== Aim of the task ==
Every line from the one with "2020(R2)-5-20 �ȥ饤����13���� (6)" through the end of the material below, both ends included, should be transcribed exactly, without pictures.

== Record set ==

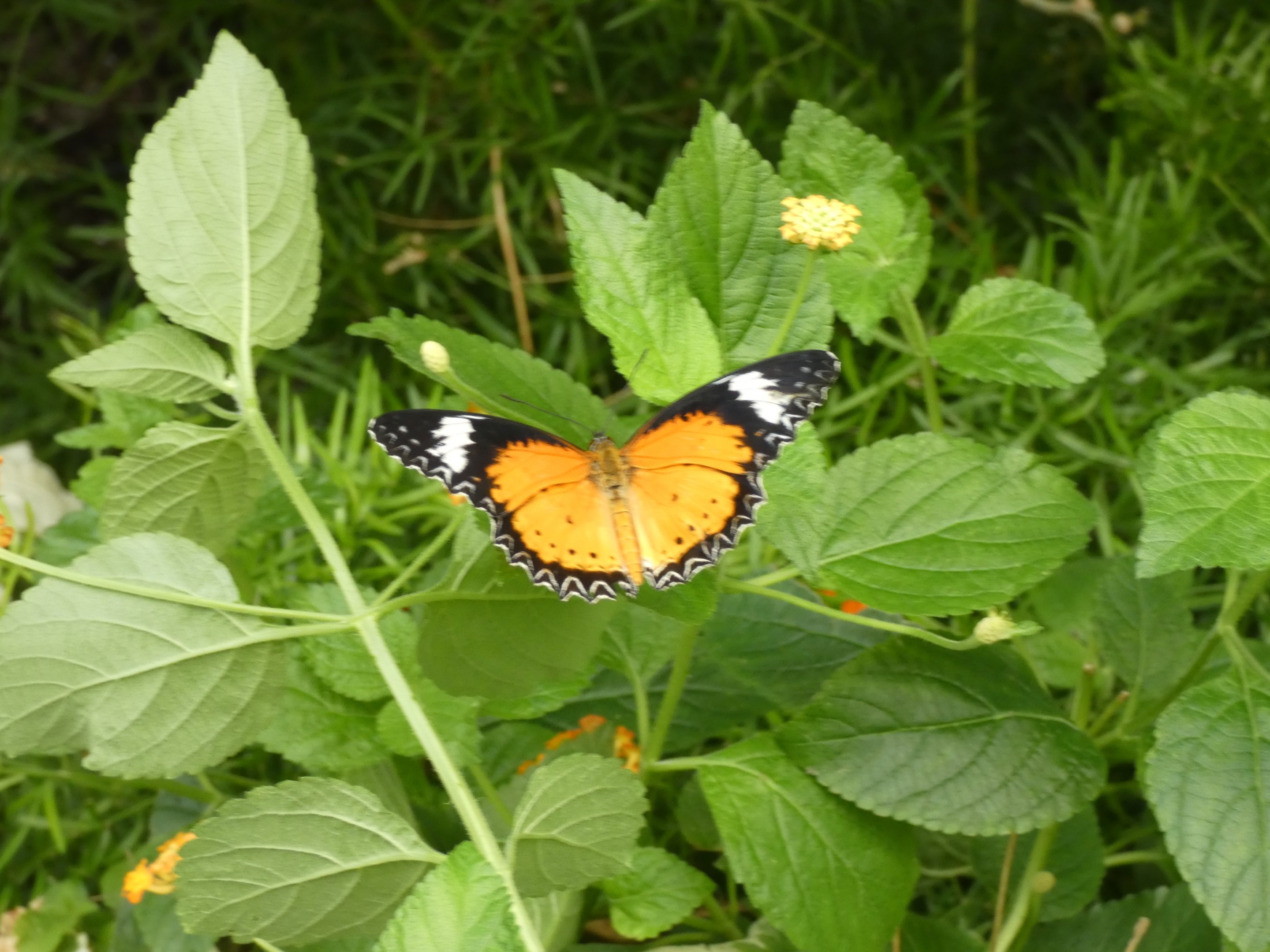 ID? - Montreal Insectarium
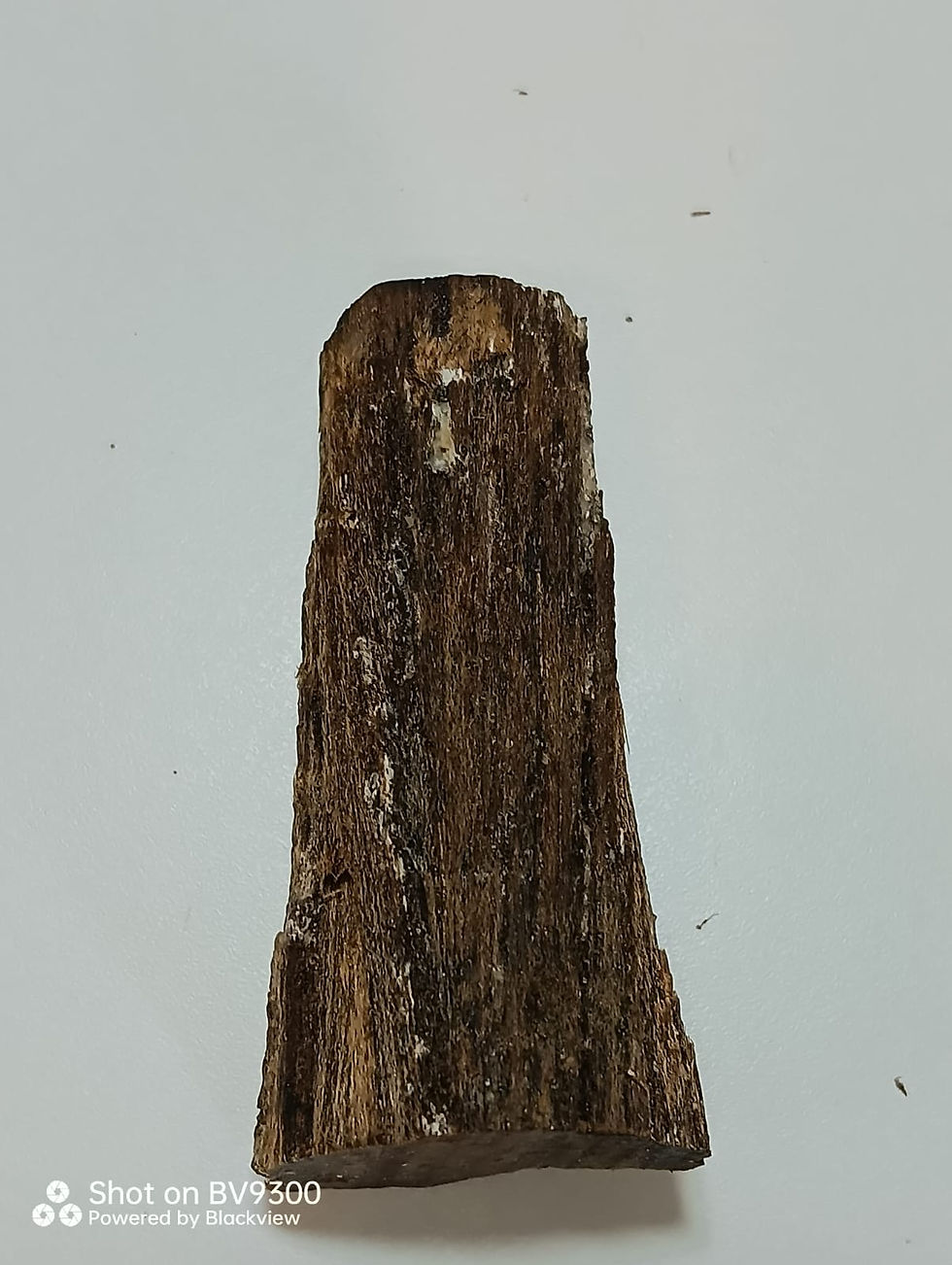 Thumbnail: 23.02 Gr./ 115.15 Ct. " VATIKAN " or " ST. PETER BLOOD " AGARWOOD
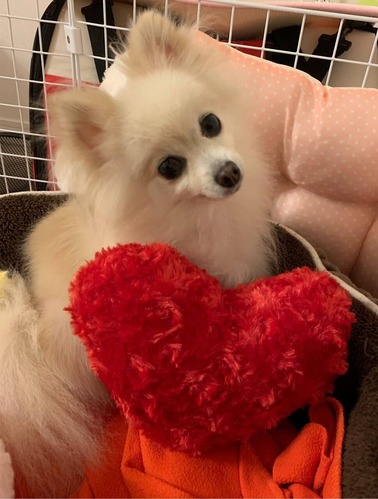 2020(R2)-5-20 �ȥ饤����13���� (6)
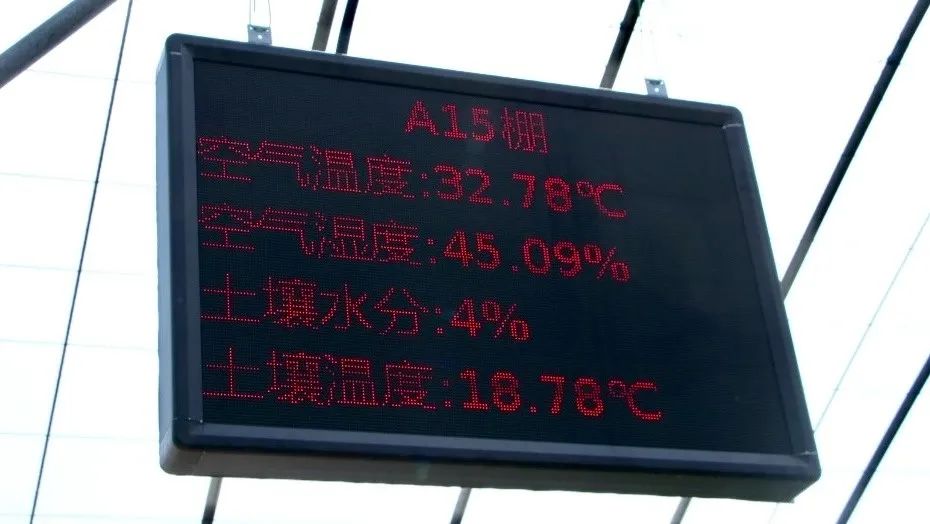 信息显示大屏.png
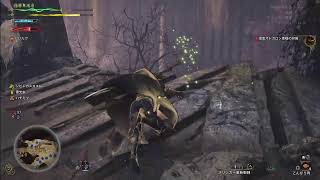【 #MHWs 】モンハンワイルズのハンター稼業を開始する(HR19から)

== Response to the task ==
 2020(R2)-5-20 �ȥ饤����13���� (6)
 信息显示大屏.png
【 #MHWs 】モンハンワイルズのハンター稼業を開始する(HR19から)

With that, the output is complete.